8% per year annual percentage rate becomes .08 annual interest rate.


in your example, this is how it works.


the formula if f = p  * (1 + 4) ^ n


p = $5000.


this is the present amount that you have to invest.


r = .08 / 2 = .04


this is the annual percent of 8%, divided by 100 to turn it into a rate, and then divided by the number of compounding periods per year, which is 2.


n = 7 * 2 = 14


this is the number of years multiplied by the number of compounding periods per year.


your formula of:


f = p * (1+r) ^ n becomes:


f = 5000 * (1.04) ^ 14


you solve for f to get:


f = 8658.382238


This can be rounded to the number of decimal places required by your problem.
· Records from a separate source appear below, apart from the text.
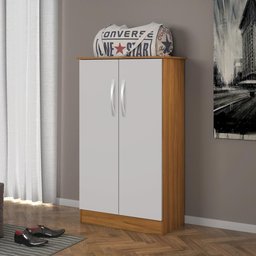 Armário Multiuso Sapateira 2 Portas Alaska Freijó e Off White Notável Móveis - 1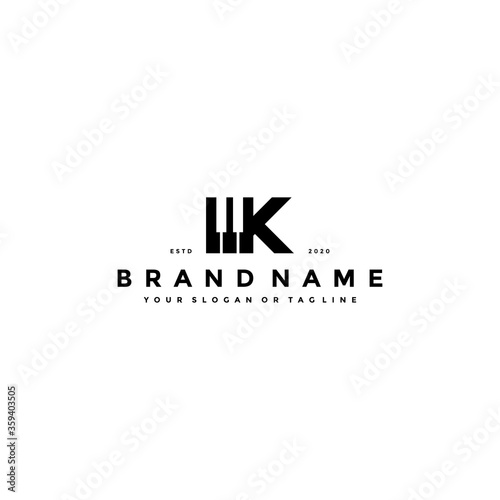 letter K piano logo design vector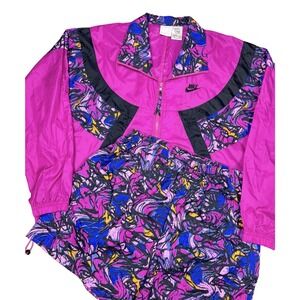 Nike Vintage RARE Nylon Abstract Windbreaker Jacket Size Medium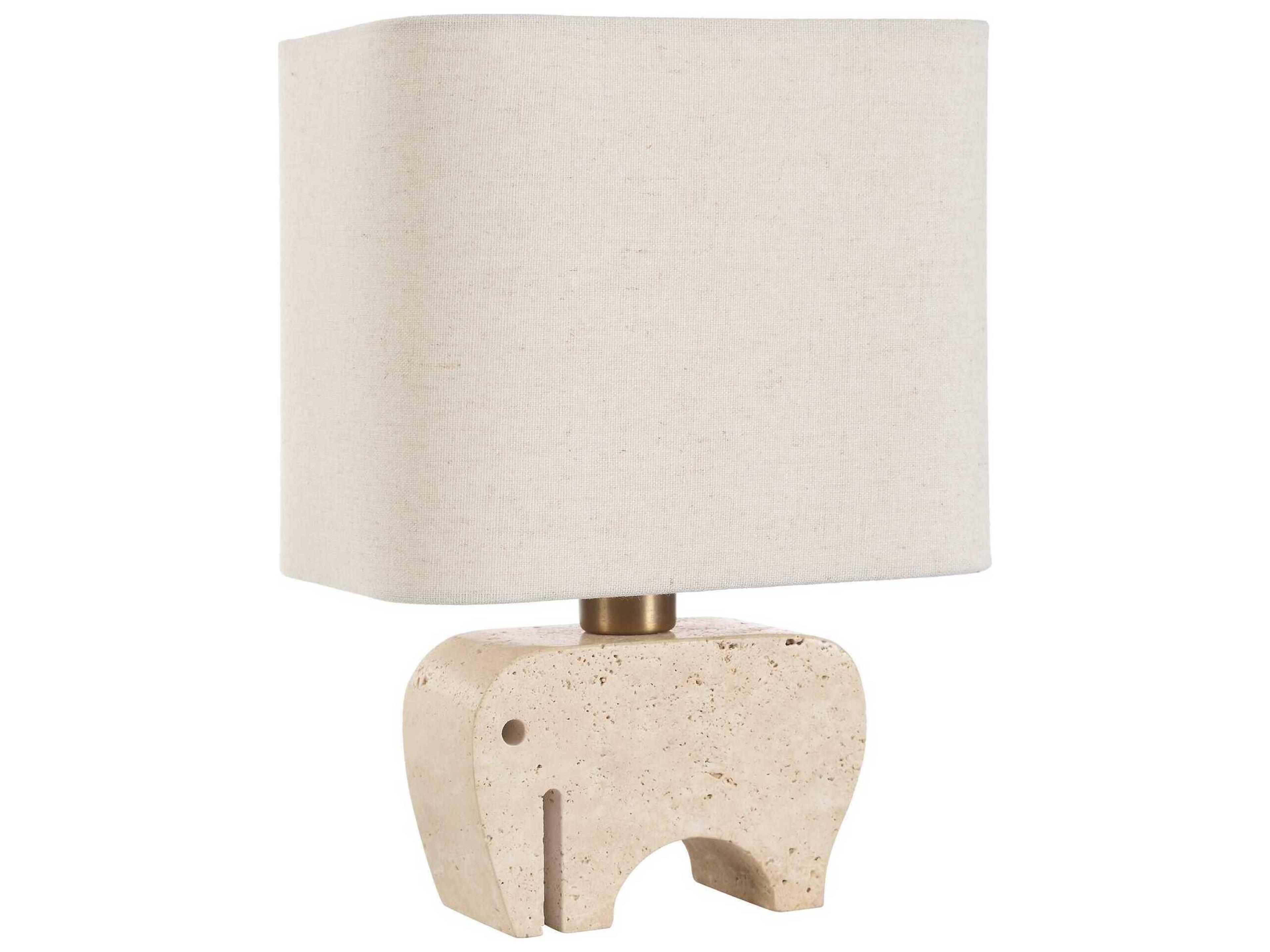 Uttermost Tusk Beige Rectangle Round Hardback Off White Table Lamp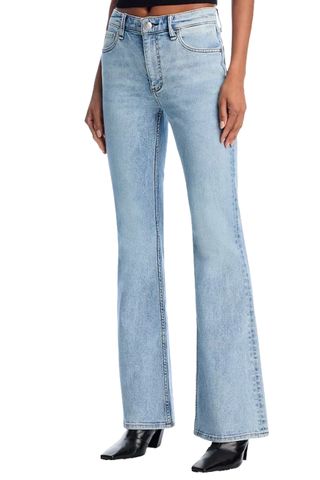 Flexi Dahlia Mid Rise Full Length Flare Jeans in Lou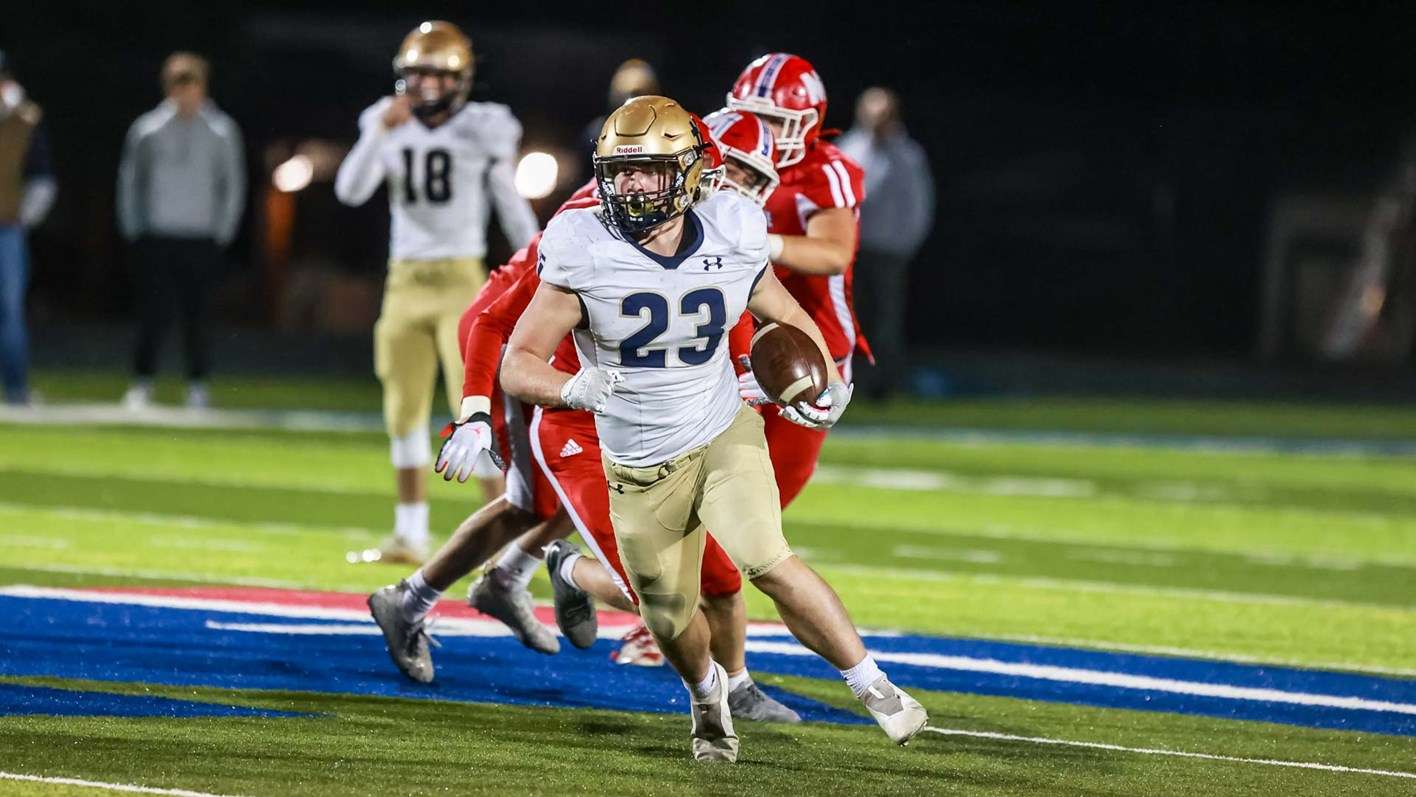 Sean Carroll and St. Thomas Aquinas erased a 20-point deficit in the second half against Bishop Miege in Week 6 to knock off the previously undefeated Stags.<br>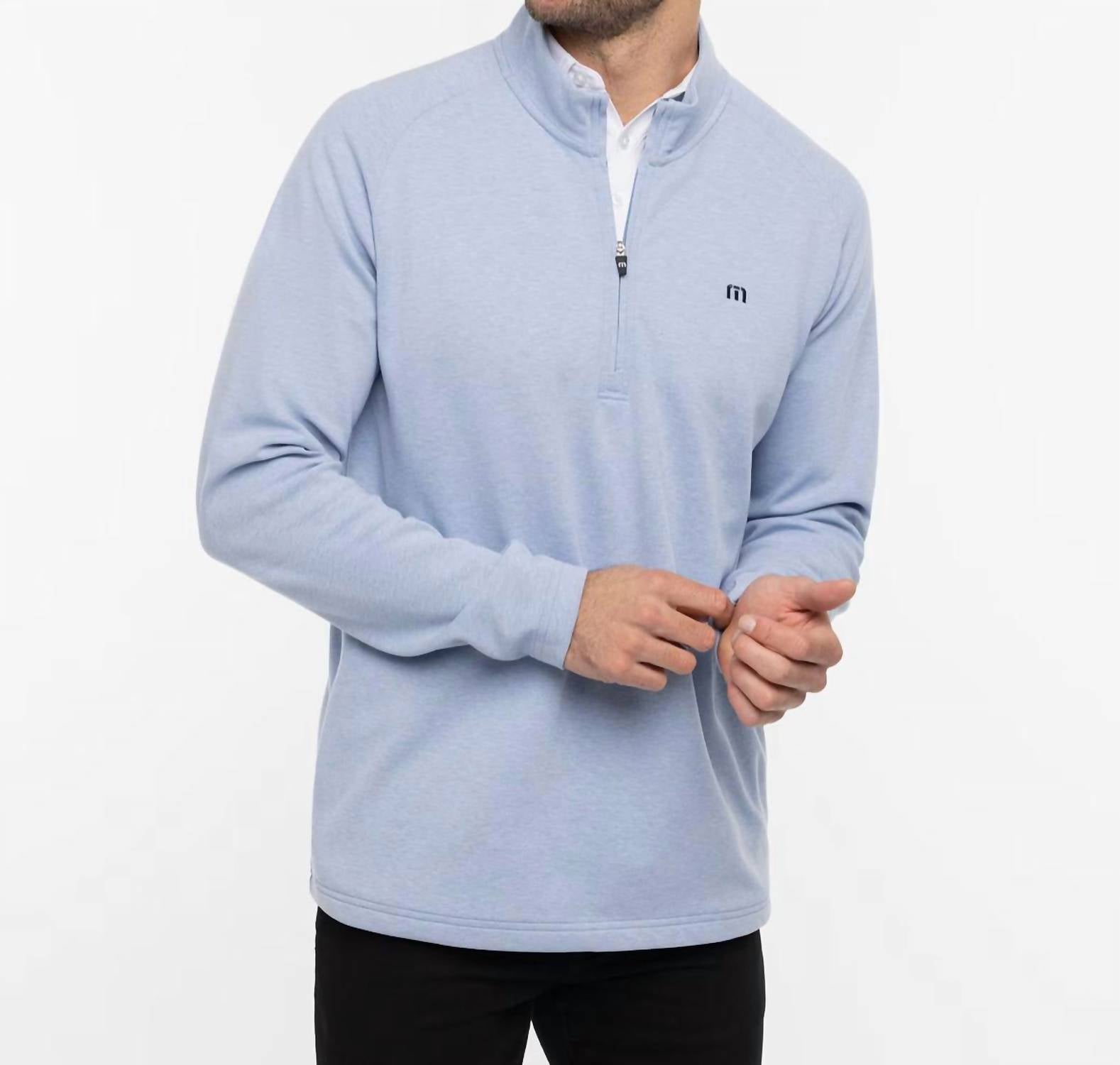 Модернизированная куртка на молнии длиной 1/4 в светло-голубом цвете TravisMathew
Модернизированная куртка на молнии длиной 1/4 в светло-голубом цвете TravisMathew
If to the nearest dollar, then 8658.
If to the nearest tenths of a dollar, then 8658.4
If to the nearest penny, then 8658.38


the key thing you need to understand is time periods.


The compound interest formula works on time periods.
The time periods are different, depending on the number of compounding periods per year.


The number of time periods in your problem would have been different, depending on the compounding periods per year.


for example:


if the compounding periods were monthly, then the interest rate (r) would have been .08 / 12 and the number of time periods (n) would have been 7 * 12.


if the compounding periods were quarterly, then the interest rate would have been .08 / 4 and the number of time periods would have been 7 * 4.